Rate of interest: Earlier, the government used to offer a fixed rate of interest for the entire tenure of the account, however as per new RBI guidelines, the government declares a new rate of interest every quarter.

Account holders: At any given time, an individual is permitted to hold only one PPF account.  A salaried or self-employed individual can open this account but no Hindu Undivided family or association is permitted to open it. Furthermore, an individual can open a joint account with a minor provided he/she is a parent/guardian but not a grand-parent. Besides, opening an account with a minor, PPF accounts cannot be opened as joint accounts. NRIs are also not allowed to hold these accounts.

Premature withdrawal: Most people are unimpressed by the 15 year lock-in period and so they avoid investing in the PPF scheme. However there are provisions for pre-mature withdrawal with PPF. You can make partial withdrawals from your account during financial crises.

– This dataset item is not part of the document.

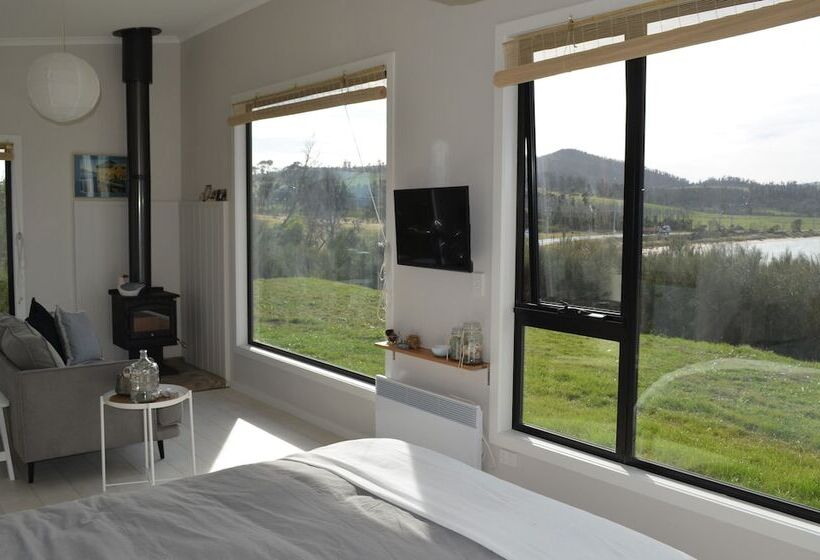 스탠다드 스튜디오 더블 침대, Flotsam Studio Accommodation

Withdrawals from the account are permitted after 7 years and you can withdraw money from the account once a year.

Loan on PPF: Between the 3rd and 6th year, you can apply for a loan against the money accumulated in your account. Loans can be availed amounting to a maximum of 25% of the balance in your account.
Discontinued accounts: Depositing a minimum amount of ₹500/- per annum in your account is mandatory. If you fail to do so, your account will be deemed as discontinued. However the interest on your account will continue to accrue. In case you miss depositing the minimum account in a given financial year, you can pay a penalty fee of ₹50/- for every year you defaulted plus subscription arrears of ₹500/- per financial year to regularize your account.